Schedulers are often evaluated by showing how they perform as a function of the load. Thus it is required to generate workloads with varying load levels. The question is how to do this correctly; maybe all workload parameters need to come from distributions conditioned on the desired load level? An intriguing alternative is to try and analyze a single realistic run and extract data about different load conditions that occurred in it. And how can we decide which methodology is more representative?
One of the constraints on schedulers is that they need to operate in an on-line manner without knowing the future. But how much does knowing the future help? The project is to try and design a scheduler that exploits future knowledge, in the context of parallel job scheduling. This will shed light on the question of how much we should invest in being able to predict the future.

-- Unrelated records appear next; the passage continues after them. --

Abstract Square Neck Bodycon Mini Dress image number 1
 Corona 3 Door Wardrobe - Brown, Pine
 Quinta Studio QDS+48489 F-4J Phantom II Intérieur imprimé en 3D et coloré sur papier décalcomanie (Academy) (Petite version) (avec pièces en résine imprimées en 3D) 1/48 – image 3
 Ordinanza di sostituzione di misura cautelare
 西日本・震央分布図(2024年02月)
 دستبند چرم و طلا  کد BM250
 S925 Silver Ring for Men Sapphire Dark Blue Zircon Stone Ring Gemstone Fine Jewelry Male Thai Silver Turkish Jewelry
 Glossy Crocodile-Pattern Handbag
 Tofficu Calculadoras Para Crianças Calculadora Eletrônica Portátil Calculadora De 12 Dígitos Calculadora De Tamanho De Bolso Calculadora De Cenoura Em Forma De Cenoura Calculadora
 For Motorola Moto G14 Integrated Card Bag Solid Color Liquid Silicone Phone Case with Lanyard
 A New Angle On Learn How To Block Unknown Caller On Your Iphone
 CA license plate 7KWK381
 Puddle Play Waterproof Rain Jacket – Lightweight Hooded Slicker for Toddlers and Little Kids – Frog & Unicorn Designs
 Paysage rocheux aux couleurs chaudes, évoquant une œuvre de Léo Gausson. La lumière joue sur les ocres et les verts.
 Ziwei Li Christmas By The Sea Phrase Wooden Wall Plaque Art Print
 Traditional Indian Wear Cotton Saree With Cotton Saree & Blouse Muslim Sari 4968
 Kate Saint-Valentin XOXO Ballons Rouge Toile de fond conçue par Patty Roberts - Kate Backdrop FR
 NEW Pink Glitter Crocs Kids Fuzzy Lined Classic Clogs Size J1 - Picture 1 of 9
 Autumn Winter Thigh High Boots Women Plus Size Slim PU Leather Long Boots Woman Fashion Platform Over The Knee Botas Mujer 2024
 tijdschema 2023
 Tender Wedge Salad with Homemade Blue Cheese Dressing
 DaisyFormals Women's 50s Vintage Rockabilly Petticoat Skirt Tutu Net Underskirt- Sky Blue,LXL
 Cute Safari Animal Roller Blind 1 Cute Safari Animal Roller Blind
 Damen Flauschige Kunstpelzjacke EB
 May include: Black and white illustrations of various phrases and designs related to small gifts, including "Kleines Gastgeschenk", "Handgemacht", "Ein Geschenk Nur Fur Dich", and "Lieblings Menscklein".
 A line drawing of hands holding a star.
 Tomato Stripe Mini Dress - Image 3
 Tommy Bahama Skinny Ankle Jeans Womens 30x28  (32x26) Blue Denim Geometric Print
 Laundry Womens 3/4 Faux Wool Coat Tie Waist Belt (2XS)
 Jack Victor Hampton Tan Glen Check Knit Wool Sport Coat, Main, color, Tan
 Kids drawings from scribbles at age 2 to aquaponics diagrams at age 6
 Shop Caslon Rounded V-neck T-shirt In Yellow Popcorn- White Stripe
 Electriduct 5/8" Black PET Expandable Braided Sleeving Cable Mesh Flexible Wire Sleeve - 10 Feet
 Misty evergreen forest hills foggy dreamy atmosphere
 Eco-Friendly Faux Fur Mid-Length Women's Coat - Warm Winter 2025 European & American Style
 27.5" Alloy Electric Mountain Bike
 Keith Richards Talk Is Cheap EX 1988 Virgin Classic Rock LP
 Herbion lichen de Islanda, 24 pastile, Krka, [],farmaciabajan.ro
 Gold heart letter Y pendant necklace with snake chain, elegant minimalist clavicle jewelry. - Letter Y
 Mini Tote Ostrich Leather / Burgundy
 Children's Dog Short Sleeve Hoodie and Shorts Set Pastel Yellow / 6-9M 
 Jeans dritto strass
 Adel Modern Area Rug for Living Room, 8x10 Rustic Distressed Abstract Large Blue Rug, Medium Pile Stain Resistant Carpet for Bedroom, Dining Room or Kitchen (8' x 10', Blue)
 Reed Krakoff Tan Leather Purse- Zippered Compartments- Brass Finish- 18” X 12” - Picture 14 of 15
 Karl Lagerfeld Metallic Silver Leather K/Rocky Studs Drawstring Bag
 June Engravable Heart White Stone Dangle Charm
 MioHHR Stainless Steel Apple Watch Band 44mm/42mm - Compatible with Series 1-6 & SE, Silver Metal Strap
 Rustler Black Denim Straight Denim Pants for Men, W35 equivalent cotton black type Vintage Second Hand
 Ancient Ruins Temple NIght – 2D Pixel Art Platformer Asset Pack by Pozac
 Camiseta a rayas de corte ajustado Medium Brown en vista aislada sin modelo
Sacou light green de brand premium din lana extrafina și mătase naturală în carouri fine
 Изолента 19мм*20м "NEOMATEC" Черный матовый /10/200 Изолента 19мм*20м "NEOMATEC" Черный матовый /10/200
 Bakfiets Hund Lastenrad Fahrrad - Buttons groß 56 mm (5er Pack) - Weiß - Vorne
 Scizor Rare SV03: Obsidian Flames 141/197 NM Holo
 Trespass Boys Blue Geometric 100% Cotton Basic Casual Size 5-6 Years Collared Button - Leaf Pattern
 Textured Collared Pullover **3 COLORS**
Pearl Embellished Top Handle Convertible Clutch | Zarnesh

There are two basic models of how work arrives at a system: the open model and the closed model. The difference is that in the closed model there exists a feedback effect from the system's performance to the submittal of additional work. The problem is that usually we don't have any data about such feedback. The project is to generate such dependencies based on educated guessing. We will look at the trace, and try to guess whether submitted jobs depend on previous ones. Specifically, we will look at previous jobs submitted by the same user (as identified by field 12), and when they terminated. We will then assign dependencies, and re-write the trace with this added heuristic data in fields 17+18.
One common way to schedule parallel jobs is with backfilling. This requires job runtimes to be known in advance. Production systems typically just require users to provide runtime estimates, but there have been several research ideas about how to predict runtimes. The project is to compare these ideas in the context of the scheduling, i.e. to see how they affect the scheduling results.
Many years ago we published a paper on self tuning a system using genetic algorithms. Some years later someone actually implemented genetic algorithms in the Linux kernel! question is, can we really use this effectively?